Showing posts with label Philip. Show all posts
Showing posts with label Philip. Show all posts

Sunday, January 14, 2024

call and response


Come and see...

Forty-three years ago on January 15th it was snowing in Washington, D.C. It was a light snow, falling gently through a gray sky. A co-worker and I were walking across the National Mall at lunchtime. Just past the Washington Monument we came upon a small gathering – small by National Mall standards.

There were thirty or forty thousand people standing in the snow, listening to Elihu Harris and other representatives from Congress, to celebrate the birthday of Martin Luther King, Jr., and to remind us what he meant to our nation and the world.

Stevie Wonder was there too and he sang a new song to Martin, written for the occasion: “Happy Birthday.” We can still sing the song – and now we have a holiday – Martin Luther King Day.

But why talk about Martin on a winter Sunday in Tucson, Arizona, forty-three years later?

The gospel reading for  the second Sunday after the Epiphany, John 1:43-51, is about the calling of Jesus’ first disciples … and that is exactly why! On this Sunday we hear how Jesus met Philip and Nathanael, and invited them into his ministry.

“Jesus decided to go to Galilee. He found Philip and said to him, ‘Follow me’ … Philip found Nathanael and said to him, ‘We have found him about whom Moses in the law and also the prophets wrote, Jesus son of Joseph from Nazareth.’ Nathanael said to him, "Can anything good come out of Nazareth?" Philip said to him, ‘Come and see.’” (John 1: 43, 45-46)

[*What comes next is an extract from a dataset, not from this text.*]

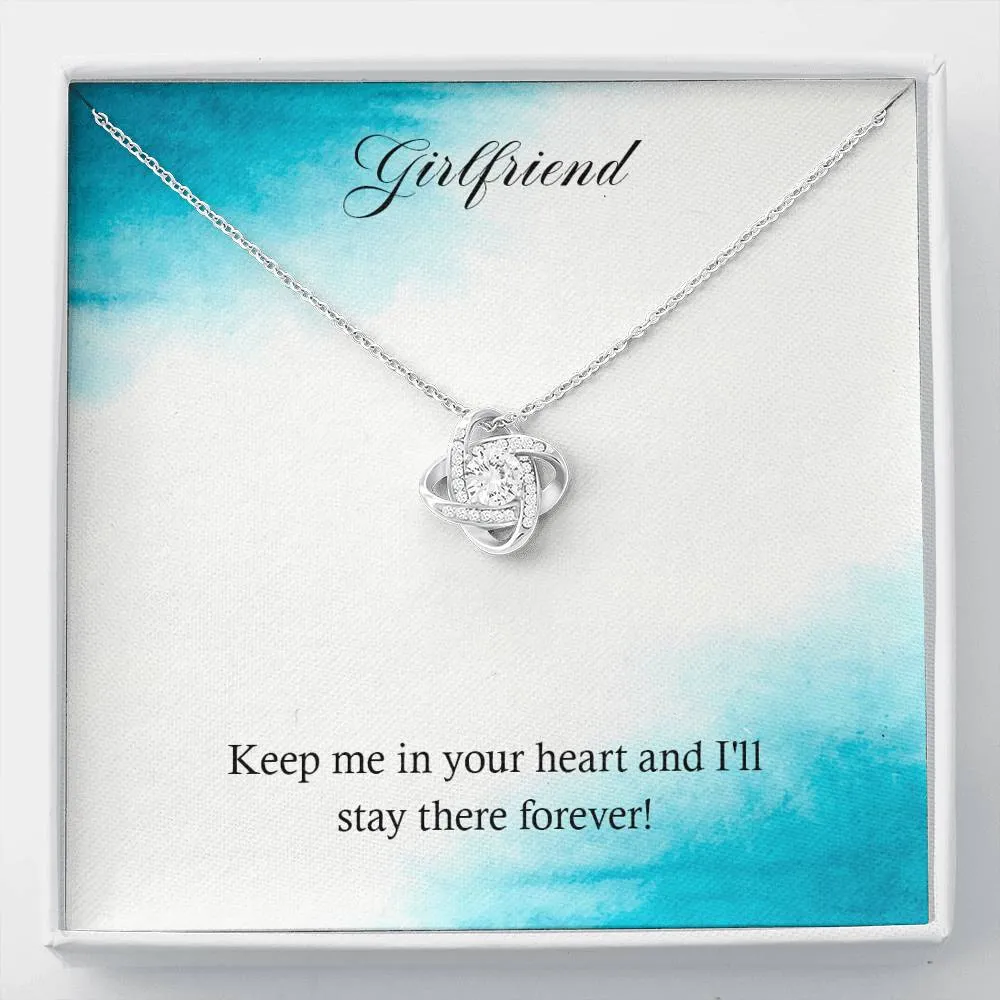 Keep me in your heart-Love Knot Necklace for Girlfriend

Nathanael was from then on the quietly faithful one – we only hear his name again in the accounts of the Resurrection. Philip is the one who broke the news of the Messiah to the nations, by teaching the Ethiopian eunuch, vizier to the queen of the Ethiopians, all about Jesus, and baptizing him then and there. For all we know that the Ethiopian, who went on his way rejoicing, was the first to bring the gospel to Africa. Well done, Philip. Good and faithful, Nathanael.

What does this have to do with Martin – and you and me?

Well, in 1955 Martin was a fairly successful preacher, who had recently taken a pretty good job at a nice church in Montgomery, Alabama. Maybe the disciples Philip and Nathanael had pretty good lives too. But they seemed to be searching for something – or someone – more. So, as Philip told Nathanael – “we have found the one – the one we have been searching for.”

I suspect Martin was searching for something too. And it found him!

Rosa Parks in 1955 was a faithful, church-going lady, who rode the bus to work in the morning, and rode it home again at the end of the day. If you have ever been sitting on a crowded bus late in the evening, ready to go home, when one of these ladies comes down the aisle looking for a place to rest her feet, you know what tired looks like.

But back then, in Montgomery, Alabama, you had to move to the rear of the bus unless you were white. And if you weren’t white, and a white person wanted your seat, you had to get up and give it to them.

But this time, in December 1955, something happened.

Mrs. Parks sat down. She sat down in the front part of the bus. Even though she was black.

The driver told her to move. A white person wanted her seat. She did not get up.

Soon it was all over town.

“Everybody can sit anywhere on the bus – or we won’t be on it at all.”

This caused some consternation – throughout the community.

And Martin Luther King, as a respected local pastor, was asked to speak – to say why. Why justice needs to roll down like a river just as much as buses need to roll down the street.

Since that day things began to change – for Martin, who was called to something more than Sunday-morning piety, more than success, to preach good news to the poor and justice to the mistreated.

And things began to change – for the people of Alabama – and for us, too.

What had happened? Martin had stood in his pulpit in front of the church facing his congregation. But now he and his church were facing outward – toward the world, where they were needed, where their witness was needed: their hearts, their hands, their faith, their prayers, their walk with the Lord hand in hand with the people of their city.

Like Philip and Nathanael, we seek something more, we are called to something more, than simply to be “Israelites” of no guile.

Like Martin we are called to something greater than our own success.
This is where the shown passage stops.